Es war der 26.05.2023 und über meinem Kopf hing der heilige Beutel mit dieser orange-rötlichen Flüssigkeit darin. Die Beschreibung eines Arztes passt gut: “Sieht aus wie ein Päckchen Thrombozyten (diese sind gelblich trüb und erscheinen zäh) in das jemand hineingeblutet hat.” Während dieser Vorgang selbst sehr unspektakulär ist und von einem Pfleger, den ich im Sinne der Wiedergeburt als meinen “Geburtshelfer” hier bezeichne, begleitet wird, durchflutet mich innerlich Dankbarkeit und tiefe Verbundenheit zu einem Menschen, den ich nicht kenne.
Ich habe die Chance auf eine Zukunft, Träume und ein krebsfreies Leben, was es alles ohne dich vielleicht gar nicht gegeben hätte.
An alle Lebensretter*innen und damit Held*innen da draußen
Ich möchte diesen Beitrag allen Lebensretter*innen, aber auch jenen widmen, die sich entschieden haben Stammzellspender*innen zu werden. Das Leben ist das größte Geschenk und die Chance darauf es in Gesundheit krebsfrei leben zu können und wieder Pläne für die Zukunft schmieden zu können, ist das was ihr mit eurer Spende gebt. Ich hoffe, dass dies auch meine Spenderin einmal liest und in ihr ein Heldinnengefühl entfacht. Wer kann immerhin im Laufe seines Lebens schon “Habe ein Leben gerettet” von seiner Bucketlist streichen? Wahrscheinlich nicht viele, aber mit einer Stammzellspende ginge es so leicht.

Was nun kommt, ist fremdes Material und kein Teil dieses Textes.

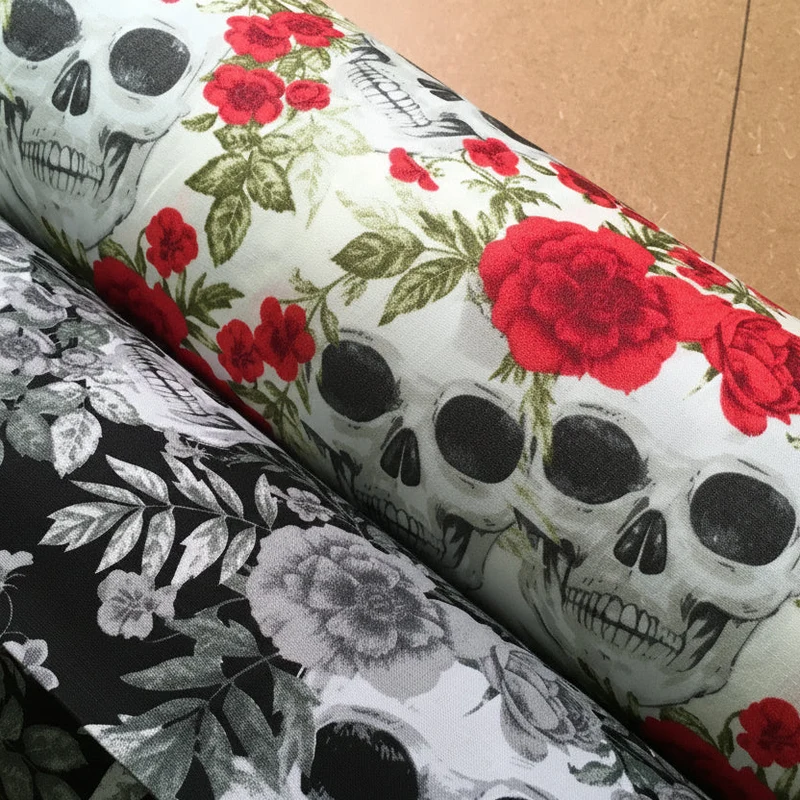 Skull and Roses Printed Cotton Poplin Fabric – 110cm Wide – £9.99 per metre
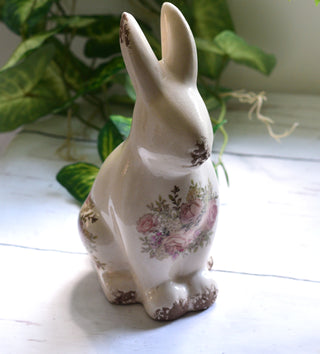 Vintage Rose Ceramic Rabbit Ornament – Distressed Country Cottage Décor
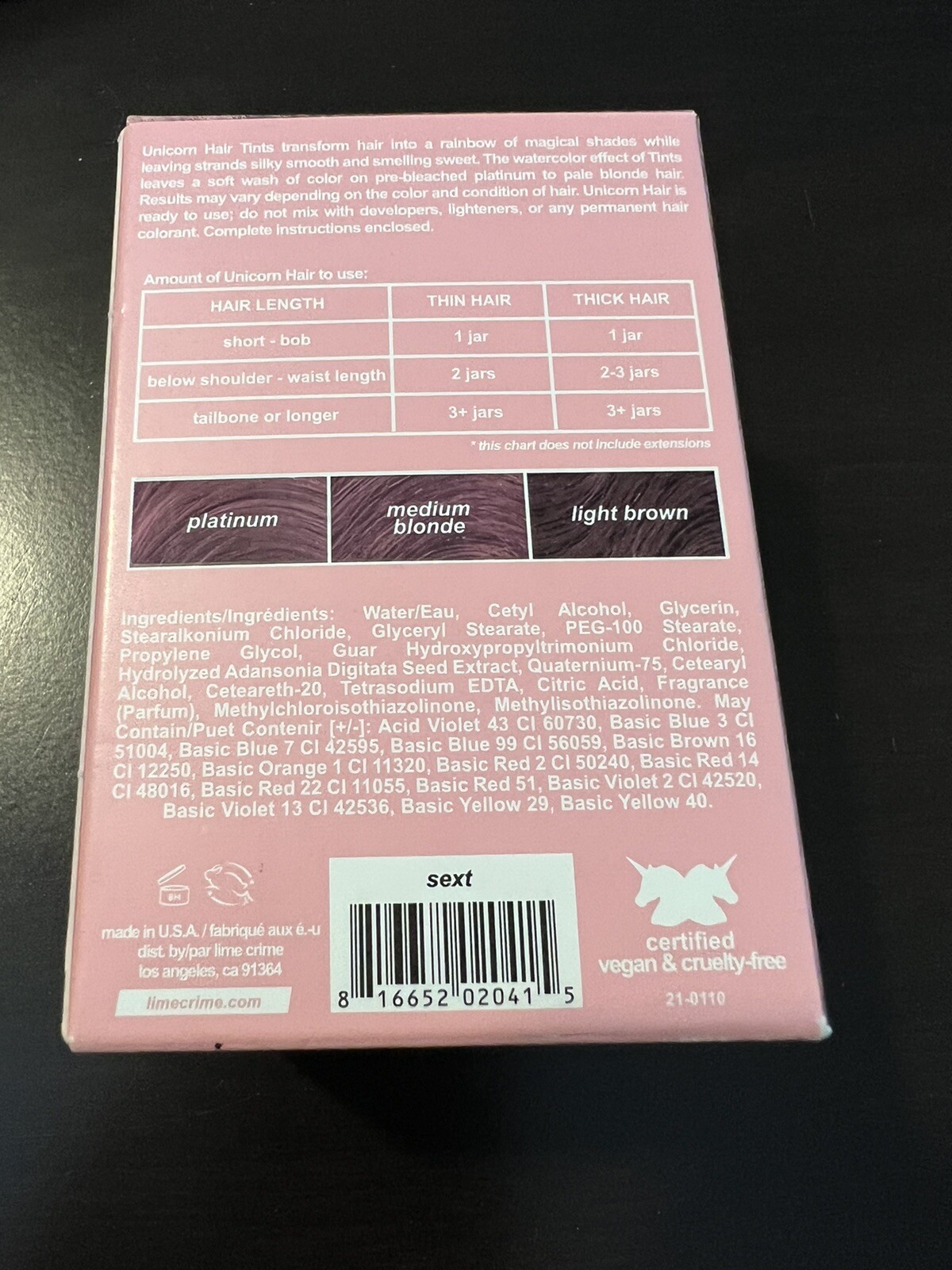 Lime Crime UNICORN HAIR DYE Temp Semi Permanent Full Coverage Tint SEXT 6.76 oz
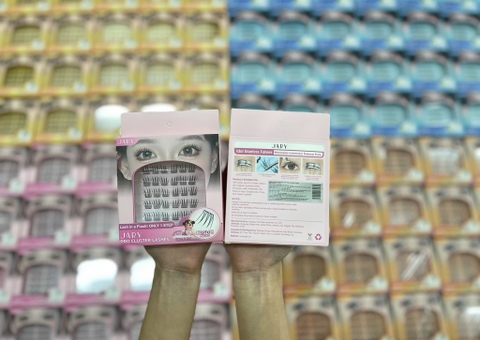 Lông Mi Cụm Cao Cấp Có Sẵn Keo Jary Pro Cluster Lashes Full Box Hộp Nhựa 6 Hàng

Lasst euch typisieren oder geht Blut spenden, denn davon brauchen wir auch ganz schön viel im Laufe unserer Behandlungen.
Ich habe meine Chance bekommen und bin nun am Weg durch dieses Tal von Auf und Abs mit einem gelöschten Immunsystem und einem neuen Blutsystem, das noch in den Kinderschühchen steckt. Es gibt gute und schlechte Tage, aber dank dir durfte ich die Entscheidung diesen Kampf aufzunehmen überhaupt machen und kann diesen Krebsassi hoffentlich bald für immer über Bord werfen.